Personal information
- Full name: José María Lourido Conjil
- Date of birth: 1922
- Place of birth: Villa Urquiza, Buenos Aires, Argentina
- Date of death: June 1986
- Place of death: Chile
- Position: Left winger

Youth career
- Atlético El Tronador

Senior career*
- Years: Team / Apps / (Gls)
- Atlético El Tronador
- 1942–1944: Banfield / 12 / (2)
- 1945–1946: La Salle
- 1947: Defensores de Belgrano / 33 / (10)
- 1948–1950: Independiente Rivadavia
- 1950–1954: Everton / 89 / (28)
- 1955: Unión La Calera

Managerial career
- 1965: Unión La Calera
- 1966: Unión La Calera
- 1966: Everton
- 1968–1969: Everton
- 1970: Everton
- 1970–1971: Unión La Calera
- 1972: Everton
- 1974: Unión La Calera
- 1976: Unión La Calera
- 1977: Santiago Wanderers (assistant)
- 1977: Santiago Wanderers (caretaker)
- 1981: Everton

= José María Lourido =

Argentine football player and manager

José María Lourido Conjil (1922 – June 1986) was an Argentine football inside forward and manager.

==Playing career==
Born in Villa Urquiza, Buenos Aires, Argentina, Lourido started his career with Atlético El Tronador before joining Banfield in 1942. He moved to Venezuelan club La Salle and returned to his homeland with Defensores de Belgrano in 1947.

As a player of Independiente Rivadavia, Lourido represented the Mendoza team in friendlies in Viña del Mar, Chile, and signed with local club Everton in August 1950, becoming an important player in their two first Chilean Primera División titles in 1950 and 1952. The club became the first Chilean champions from outside Santiago.

Lourido ended his career with Unión La Calera in the 1955 Chilean Segunda División.

==Coaching career==
Settled in Chile, Lourido led clubs from the Valparaíso Region.
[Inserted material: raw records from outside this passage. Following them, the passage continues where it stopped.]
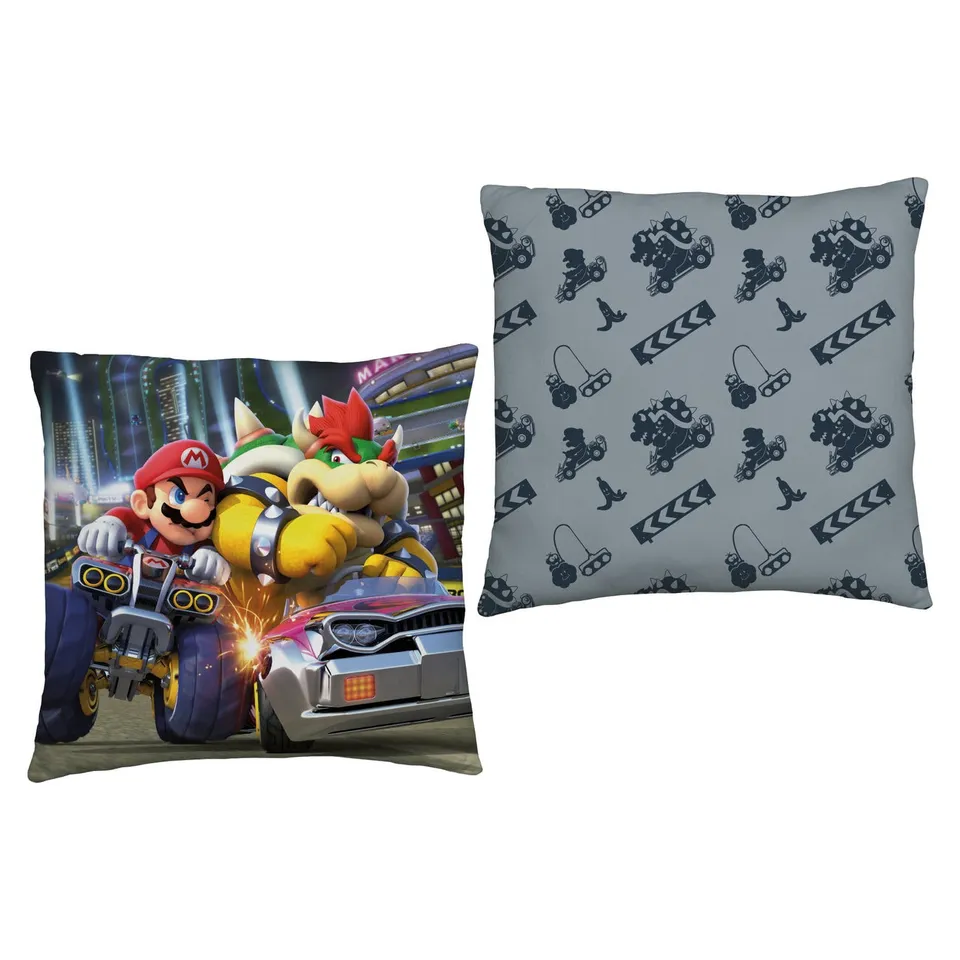 super-mario-dekokissen-40x40-cm-polyester-velboa image 1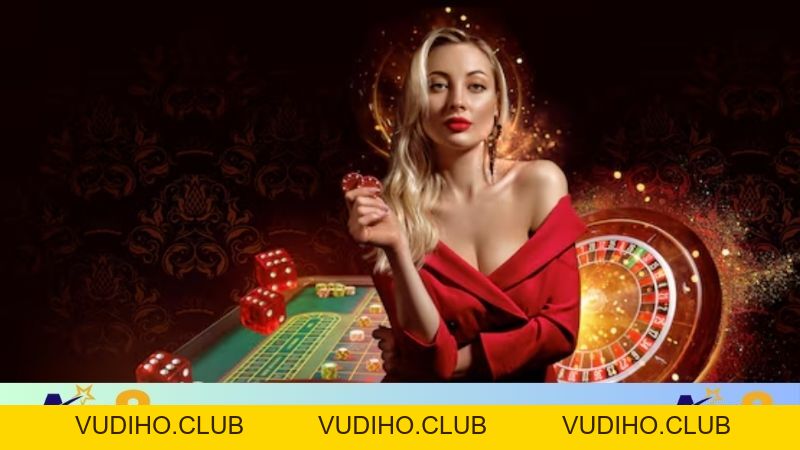 Tin Tức AW8 - Cổng Thông Tin Hot Nhất Trong Năm 2026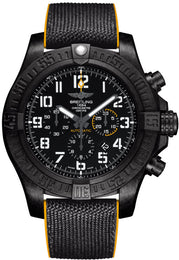 Breitling Watch Avenger Hurricane 12H Breitlight XB0170E4/BF29/257S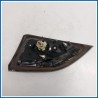 Fanale int. Lamp(l),trunk lid 
sx. 
post. MAZDA 6 II SW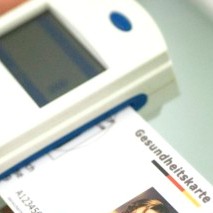 Gesundheit » Das ändert sich 2019 Gesundheit » Das ändert sich 2019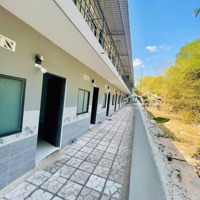 Bán Dãy Trọ Đẹp, Nhiều Tiện Ích Tại Nl16A, Bến Cát - Giá Bán 1,498 Tỷ, 300 M2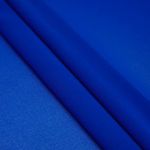 11313-TECIDO-MUSSELINE-TOQUE-DE-SEDA-AZUL-ROYAL-3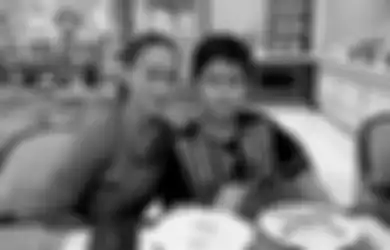 Nilai Raport Jelek Semua Hingga Harus Tinggal Kelas, Anak Inul Daratisna Nangis Sesegukan Lantaran Takut Dimarahi Ayahnya, Sang Pedangdut Bongkar Fakta Sebenarnya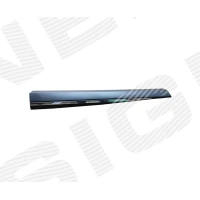 LISTWA DRZWI PDS880011AR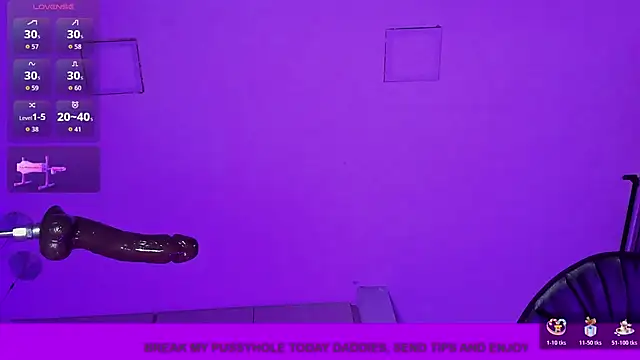 valentinomoreti (M young) - SQUIRT + DOUBLE PENETRATION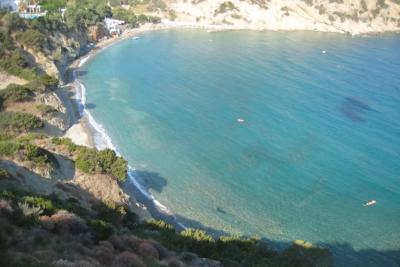 Русские Мальдивы: 20 мест с лазурной водой - без виз и перелётов за границу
He coached many times Everton de Viña del Mar and Unión La Calera. As José Pérez Figueiras' assistant coach, he also led the Everton's classic rival, Santiago Wanderers, as a caretaker in 1977.

As manager of Unión La Calera in 1966, Lourido made possible the senior debut of the renowned Chilean player, Osvaldo Castro.

==Personal life==
Lourido was nicknamed Gitano (Gypsy).